このアプリについて
木造の小梁(根太・小梁・床梁など)を、等分布荷重(固定+積載)と任意の追加荷重に対して、
曲げ・せん断・たわみの3項目で検定するツールです。建築基準法施行令・木質構造設計規準(日本建築学会)に基づく
長期/短期の許容応力度設計で、単純梁・片持梁に対応します。
1つの部材を「1ケース」として扱い、複数ケースをまとめて管理・計算書出力できます。
使い方(基本の流れ)
- 入力フォームに寸法・荷重・材料を入力すると、右下の計算結果(応力・許容応力度・検定比・たわみ)と左の荷重形の図が即時に更新されます(「計算実行」ボタンは不要です)。
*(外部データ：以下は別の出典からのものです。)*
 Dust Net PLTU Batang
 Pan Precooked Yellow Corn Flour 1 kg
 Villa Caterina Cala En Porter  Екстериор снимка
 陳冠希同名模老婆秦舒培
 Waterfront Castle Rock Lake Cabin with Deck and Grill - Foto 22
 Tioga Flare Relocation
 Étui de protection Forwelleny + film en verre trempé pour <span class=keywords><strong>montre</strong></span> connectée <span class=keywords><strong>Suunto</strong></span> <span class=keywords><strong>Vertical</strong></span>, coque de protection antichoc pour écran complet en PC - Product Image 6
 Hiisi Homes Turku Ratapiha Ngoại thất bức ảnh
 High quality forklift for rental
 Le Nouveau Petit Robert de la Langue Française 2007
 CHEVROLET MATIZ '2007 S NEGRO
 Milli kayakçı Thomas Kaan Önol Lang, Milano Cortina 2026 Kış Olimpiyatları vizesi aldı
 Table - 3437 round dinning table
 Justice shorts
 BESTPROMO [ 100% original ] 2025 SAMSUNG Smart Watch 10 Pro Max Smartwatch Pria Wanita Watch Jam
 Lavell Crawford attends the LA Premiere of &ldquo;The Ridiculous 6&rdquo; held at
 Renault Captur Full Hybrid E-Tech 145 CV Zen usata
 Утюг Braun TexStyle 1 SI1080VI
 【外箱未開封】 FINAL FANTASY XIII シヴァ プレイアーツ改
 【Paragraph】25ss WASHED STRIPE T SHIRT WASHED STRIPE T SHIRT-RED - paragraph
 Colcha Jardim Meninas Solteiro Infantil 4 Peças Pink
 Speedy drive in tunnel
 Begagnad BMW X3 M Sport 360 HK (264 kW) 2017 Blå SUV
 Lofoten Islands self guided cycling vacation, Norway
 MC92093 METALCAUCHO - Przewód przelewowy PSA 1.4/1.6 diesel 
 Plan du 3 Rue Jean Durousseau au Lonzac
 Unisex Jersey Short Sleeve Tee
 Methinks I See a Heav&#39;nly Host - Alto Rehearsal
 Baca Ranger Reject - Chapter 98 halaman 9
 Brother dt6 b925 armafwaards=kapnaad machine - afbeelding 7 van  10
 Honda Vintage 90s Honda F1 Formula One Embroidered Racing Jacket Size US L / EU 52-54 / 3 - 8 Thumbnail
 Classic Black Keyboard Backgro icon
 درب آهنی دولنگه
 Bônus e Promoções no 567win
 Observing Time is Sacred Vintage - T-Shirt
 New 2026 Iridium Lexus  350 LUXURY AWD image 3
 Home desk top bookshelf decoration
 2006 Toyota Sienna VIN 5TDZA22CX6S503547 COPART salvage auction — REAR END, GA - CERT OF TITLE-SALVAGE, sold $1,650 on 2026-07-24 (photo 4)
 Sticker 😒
- 左上の「荷重形(固定+積載)」図は入力から自動生成されます。「荷重形(追加荷重)」の「編集」から、集中荷重・分布荷重を任意で追加できます(基本の等分布に上乗せして応力計算されます)。
- 内容が固まったらツールバーの「✓ 確定」で検討部材一覧に追加されます(確定するまで一覧には残りません)。一覧の行クリックで再編集、↑↓で並び替え、×で削除します。
- 「🖨 計算書出力」で現在のケースのみ/確定済み全ケースを選びA4計算書(省略モード)をブラウザ印刷・PDF保存できます。入力一式は「💾 保存」でJSON保存、「📂 開く」で読込できます。
入力のポイント
- 断面 B×D は mm。入力欄クリックで標準寸法(105〜480)の候補を選べます。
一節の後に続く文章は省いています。